## [Data to use]
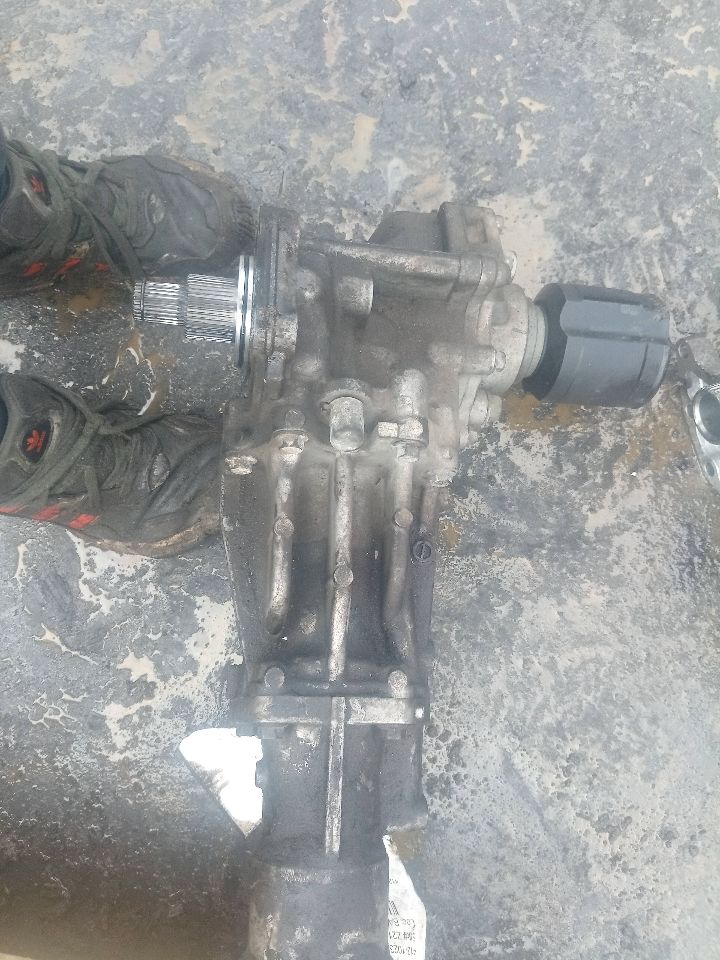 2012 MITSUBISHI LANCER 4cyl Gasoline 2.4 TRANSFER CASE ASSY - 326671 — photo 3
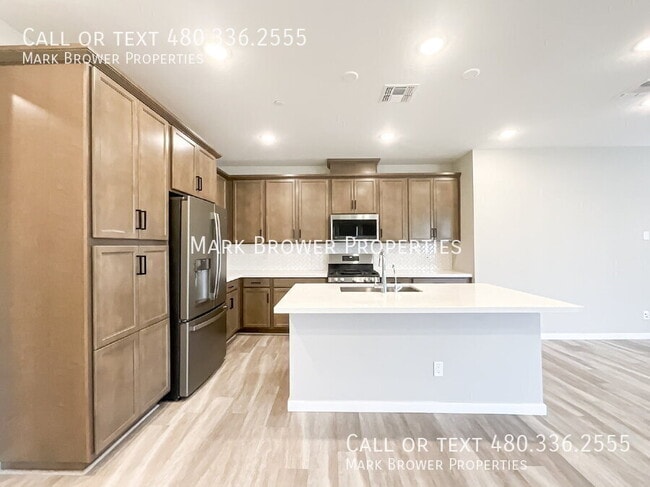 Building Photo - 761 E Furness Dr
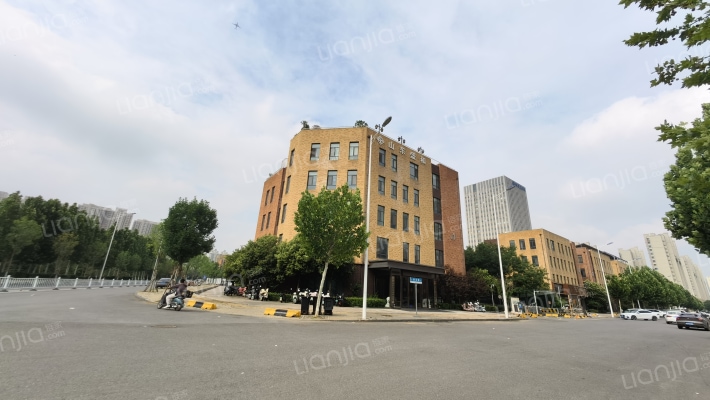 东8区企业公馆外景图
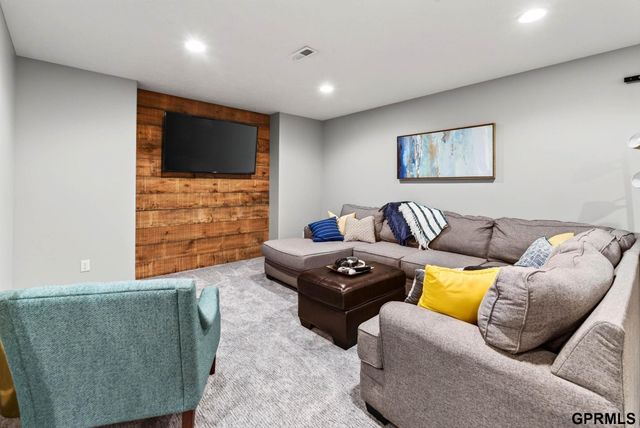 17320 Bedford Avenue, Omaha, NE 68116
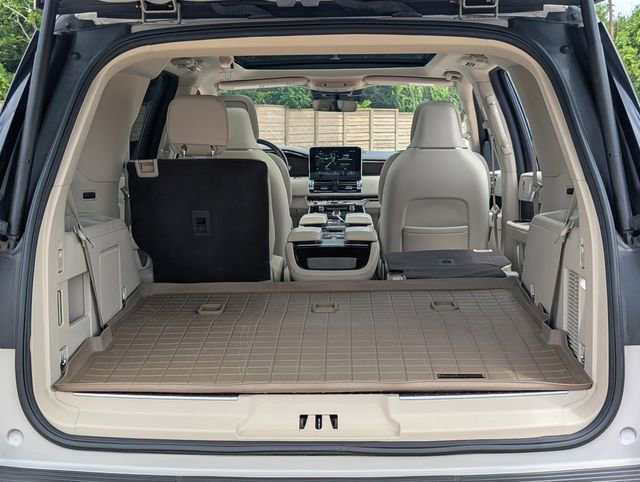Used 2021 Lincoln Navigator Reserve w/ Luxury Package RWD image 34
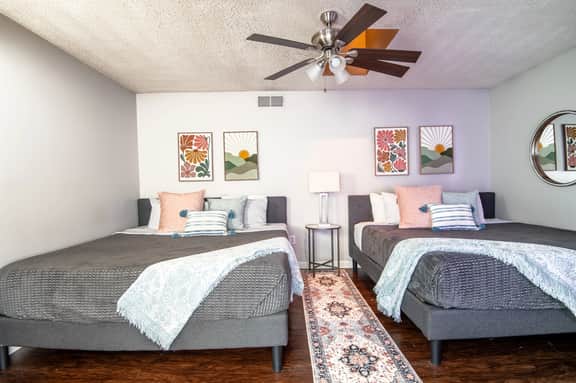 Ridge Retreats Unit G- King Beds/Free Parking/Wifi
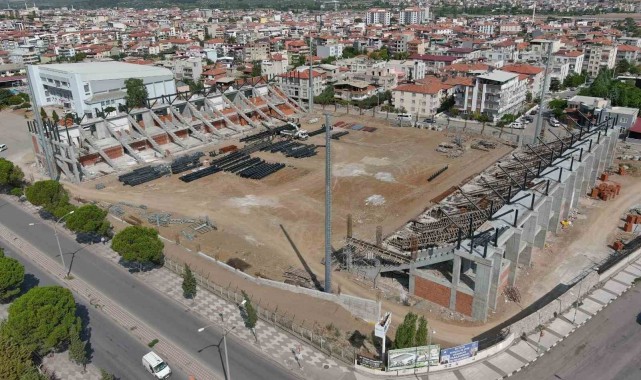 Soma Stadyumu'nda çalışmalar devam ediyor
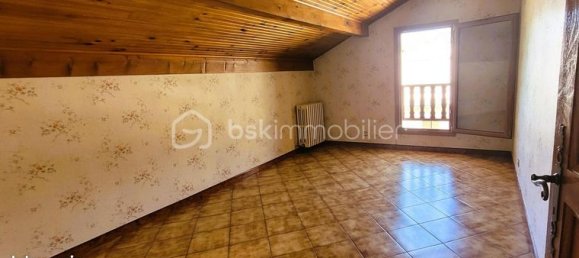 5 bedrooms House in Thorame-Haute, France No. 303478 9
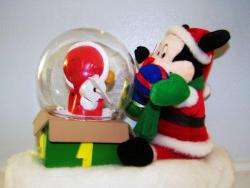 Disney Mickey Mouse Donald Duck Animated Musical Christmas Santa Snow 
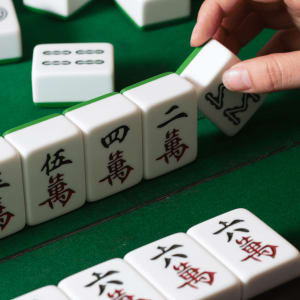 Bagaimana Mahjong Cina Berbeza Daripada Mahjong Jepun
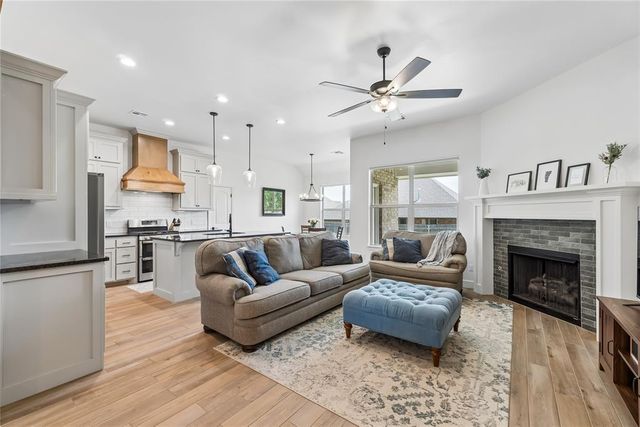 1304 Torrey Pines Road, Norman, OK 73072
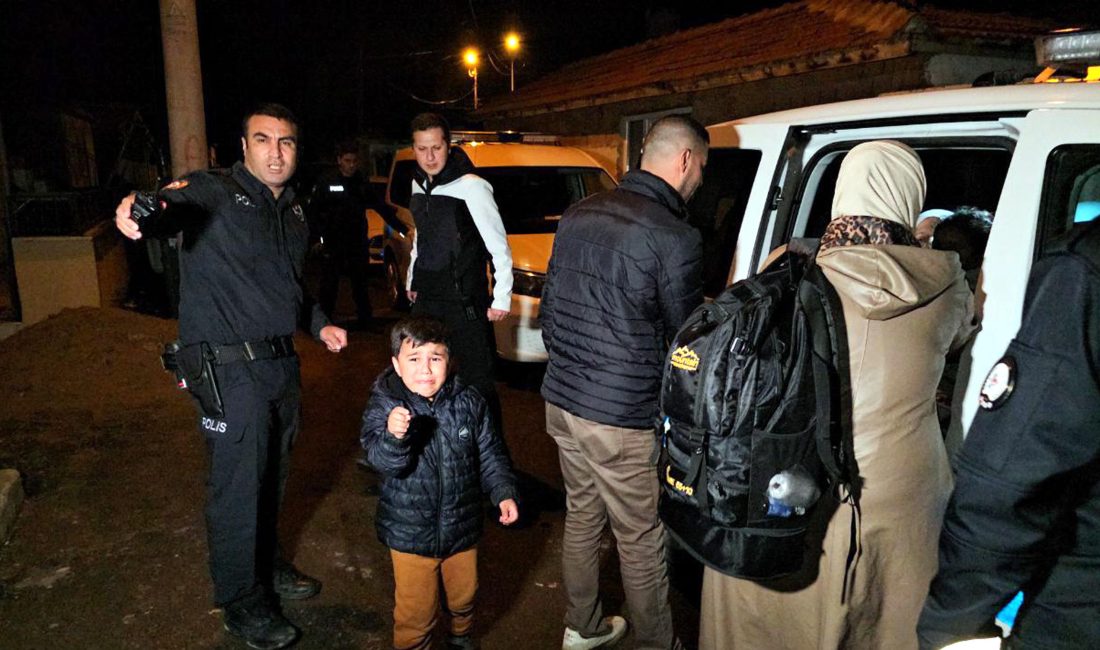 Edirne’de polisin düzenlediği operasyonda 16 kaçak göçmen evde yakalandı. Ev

==

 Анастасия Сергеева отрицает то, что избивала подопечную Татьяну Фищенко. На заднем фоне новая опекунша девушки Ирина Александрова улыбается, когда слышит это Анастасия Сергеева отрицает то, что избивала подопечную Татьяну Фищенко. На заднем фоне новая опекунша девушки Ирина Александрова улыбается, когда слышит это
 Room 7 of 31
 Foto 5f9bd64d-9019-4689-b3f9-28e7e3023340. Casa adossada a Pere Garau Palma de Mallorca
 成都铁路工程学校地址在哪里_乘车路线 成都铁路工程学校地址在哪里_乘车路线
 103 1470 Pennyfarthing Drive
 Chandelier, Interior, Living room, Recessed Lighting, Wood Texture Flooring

--

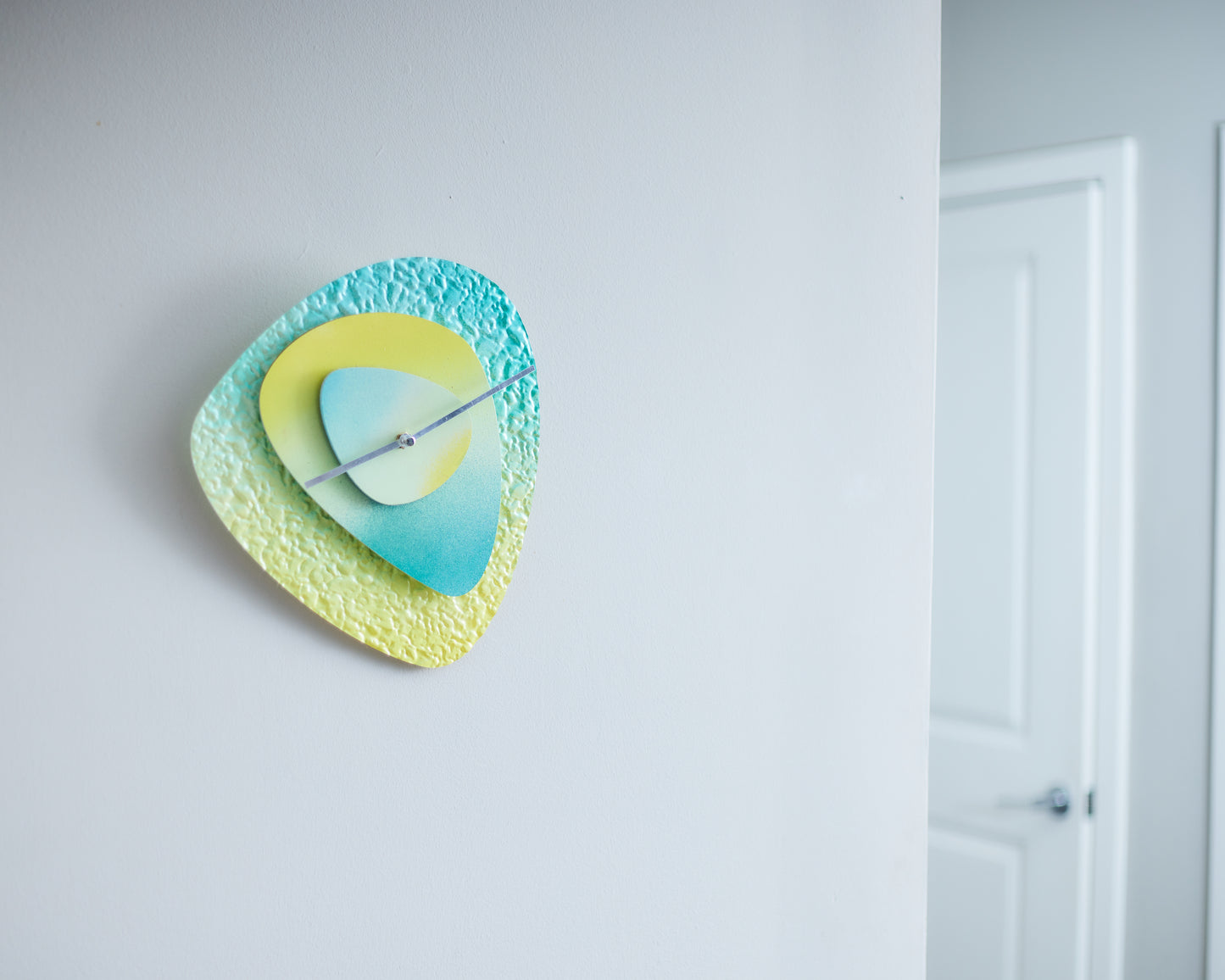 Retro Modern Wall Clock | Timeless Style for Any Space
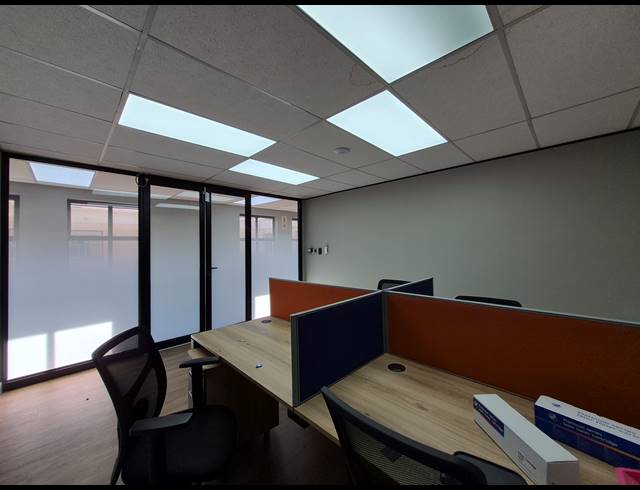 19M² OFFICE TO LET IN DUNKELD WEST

## [Directions]
Leave the pictures out, and transcribe exactly the lines above starting at the one that contains "2012 MITSUBISHI LANCER" and ending at the one that contains "Edirne’de polisin düzenlediği".

## [Task result]
 2012 MITSUBISHI LANCER 4cyl Gasoline 2.4 TRANSFER CASE ASSY - 326671 — photo 3
 Building Photo - 761 E Furness Dr
 东8区企业公馆外景图
 17320 Bedford Avenue, Omaha, NE 68116
Used 2021 Lincoln Navigator Reserve w/ Luxury Package RWD image 34
 Ridge Retreats Unit G- King Beds/Free Parking/Wifi
 Soma Stadyumu'nda çalışmalar devam ediyor
 5 bedrooms House in Thorame-Haute, France No. 303478 9
 Disney Mickey Mouse Donald Duck Animated Musical Christmas Santa Snow 
 Bagaimana Mahjong Cina Berbeza Daripada Mahjong Jepun
 1304 Torrey Pines Road, Norman, OK 73072
 Edirne’de polisin düzenlediği operasyonda 16 kaçak göçmen evde yakalandı. Ev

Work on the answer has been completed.